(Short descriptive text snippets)
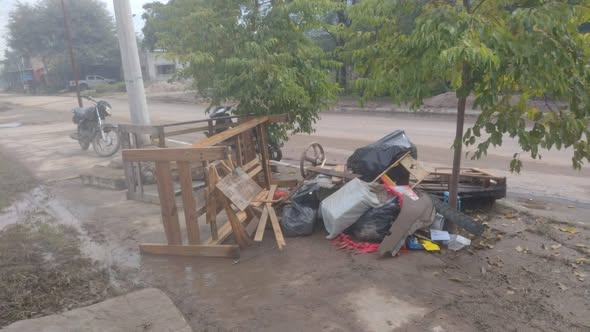 emigbusquet's tweet photo. En la PYME Graneros S.A.  no están muy contentos con la intendente Raquel Graneros.

"Vendió" que el pueblo no se había inundado, pero las imágenes demuestran otra cosa en el Barrio Buenos Aires y Santa Rita. https://t.co/vQPZEeZmyp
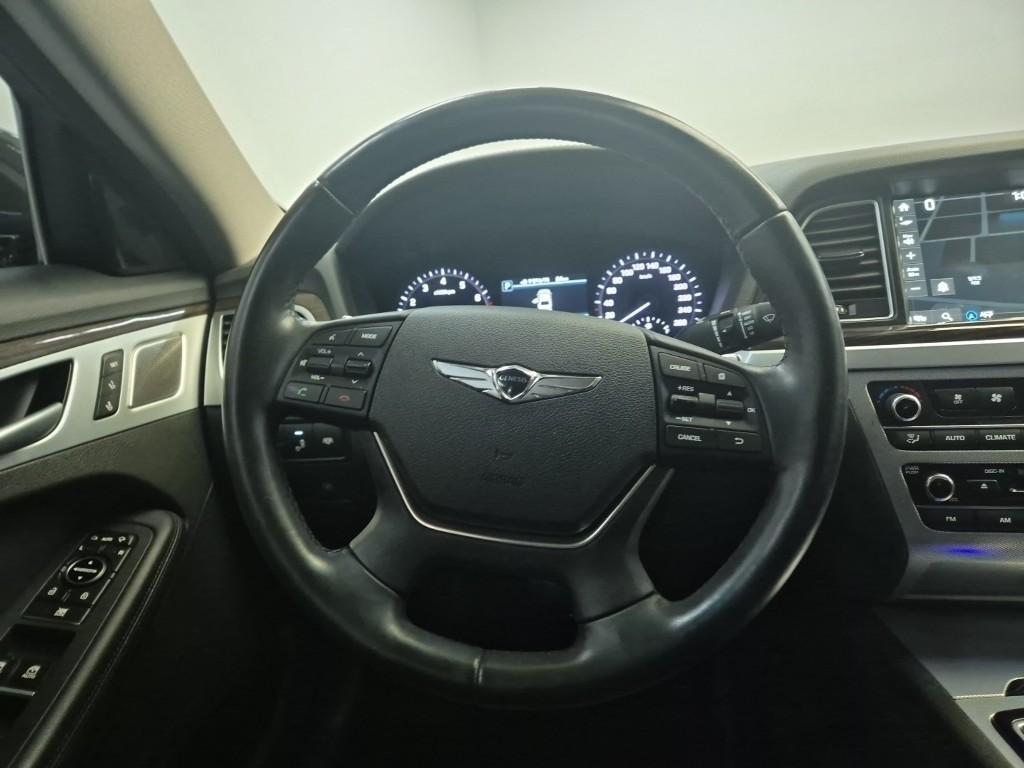 Genesis G80 - Vista 9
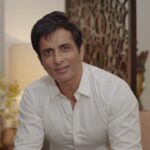 Sonu Sood Instagram - Thank you @dhani App for distributing 25 lakh COVID Care Health Kits for FREE. I am joining them in spreading this message. Order your FREE kit from Dhani app or Dhani.com and share this video with your friends and family. #DhaniAapkeSaath Jai Hind 🇮🇳 #Covid#covid #coronavirus #corona #stayhome #love #quarantine #lockdown #staysafe # #instagram #like #follow #pandemic #virus #india #stayathome #health #dhani #dhaniapp @dhani
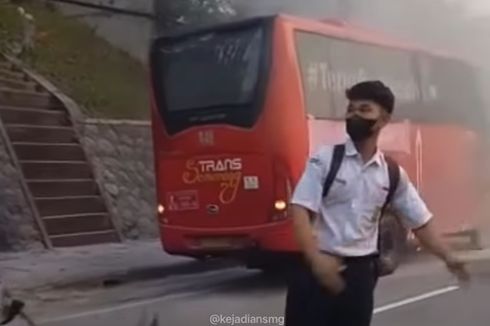 Viral Video Siswa SMA Semarang Atur Lalu Lintas Saat BRT Kebakaran, Disdik Ingin Beri Apresiasi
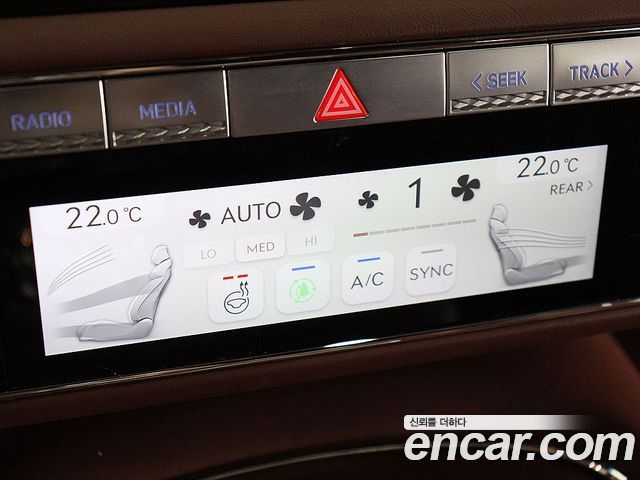 Genesis G90 (RS4) Gasoline 3.5 Turbo 2WD 2023 — фото 19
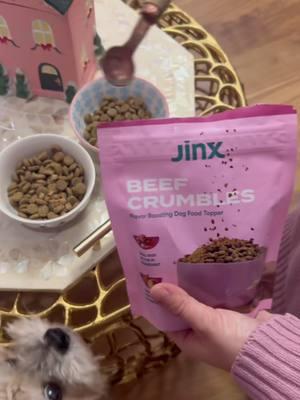 My girls’ stockings are full of high-quality protein toppers and treats this Christmas season. Paris and Beyoncé are my babies of 16 years and I am so picky with their food and so are they!! This is one we both love, @Jinx! Check it out for your fur baby!! #Jinx #JinxPartner 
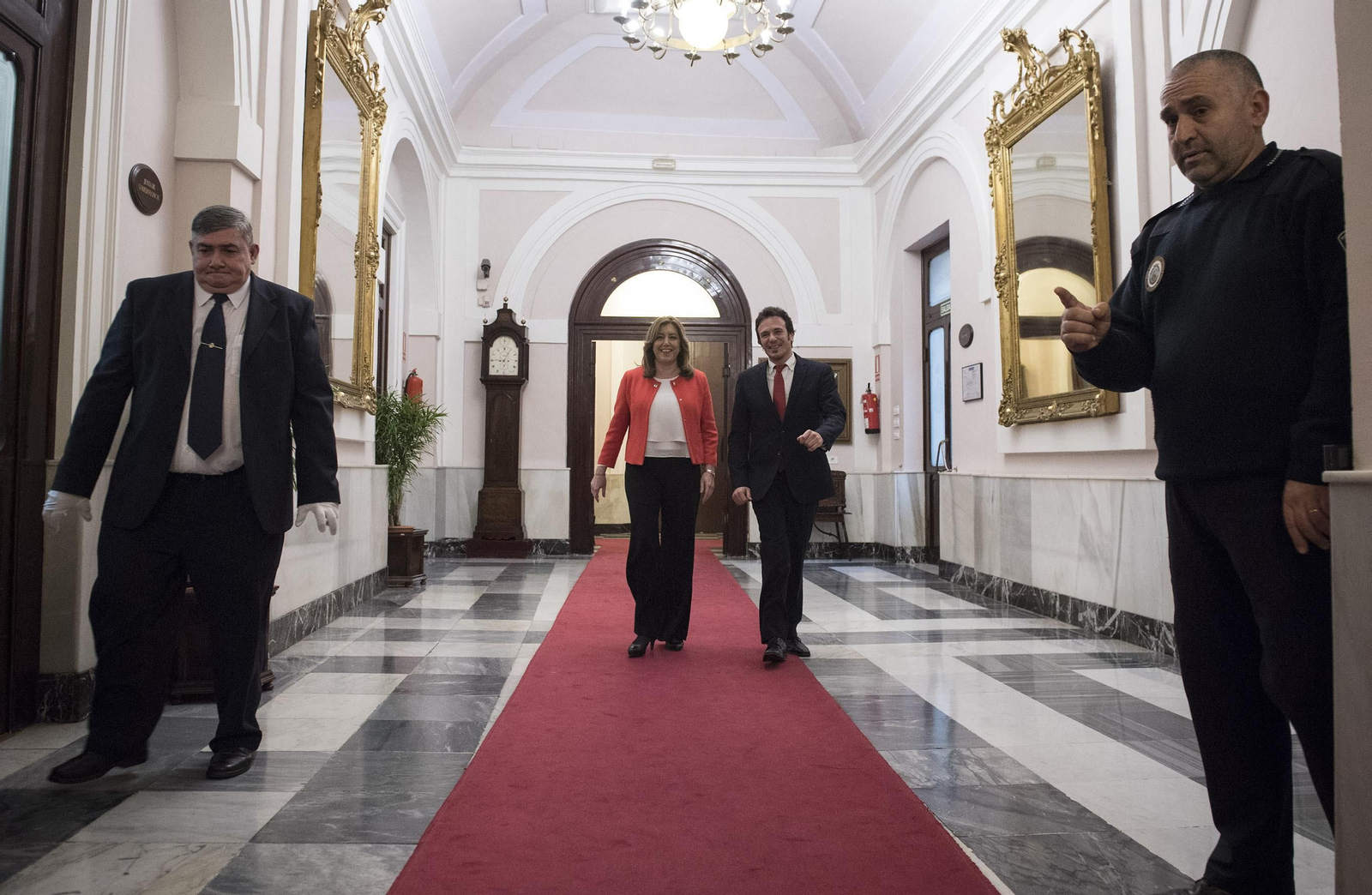 La visita de Susana Díaz al Ayuntamiento de Cádiz, en imágenes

Task
Extract all the data above exactly, excluding every picture.

Output of the exercise
 emigbusquet's tweet photo. En la PYME Graneros S.A.  no están muy contentos con la intendente Raquel Graneros.

"Vendió" que el pueblo no se había inundado, pero las imágenes demuestran otra cosa en el Barrio Buenos Aires y Santa Rita. https://t.co/vQPZEeZmyp
 Genesis G80 - Vista 9
 Sonu Sood Instagram - Thank you @dhani App for distributing 25 lakh COVID Care Health Kits for FREE. I am joining them in spreading this message. Order your FREE kit from Dhani app or Dhani.com and share this video with your friends and family. #DhaniAapkeSaath Jai Hind 🇮🇳 #Covid#covid #coronavirus #corona #stayhome #love #quarantine #lockdown #staysafe # #instagram #like #follow #pandemic #virus #india #stayathome #health #dhani #dhaniapp @dhani
 Viral Video Siswa SMA Semarang Atur Lalu Lintas Saat BRT Kebakaran, Disdik Ingin Beri Apresiasi
 Genesis G90 (RS4) Gasoline 3.5 Turbo 2WD 2023 — фото 19
 My girls’ stockings are full of high-quality protein toppers and treats this Christmas season. Paris and Beyoncé are my babies of 16 years and I am so picky with their food and so are they!! This is one we both love, @Jinx! Check it out for your fur baby!! #Jinx #JinxPartner 
 La visita de Susana Díaz al Ayuntamiento de Cádiz, en imágenes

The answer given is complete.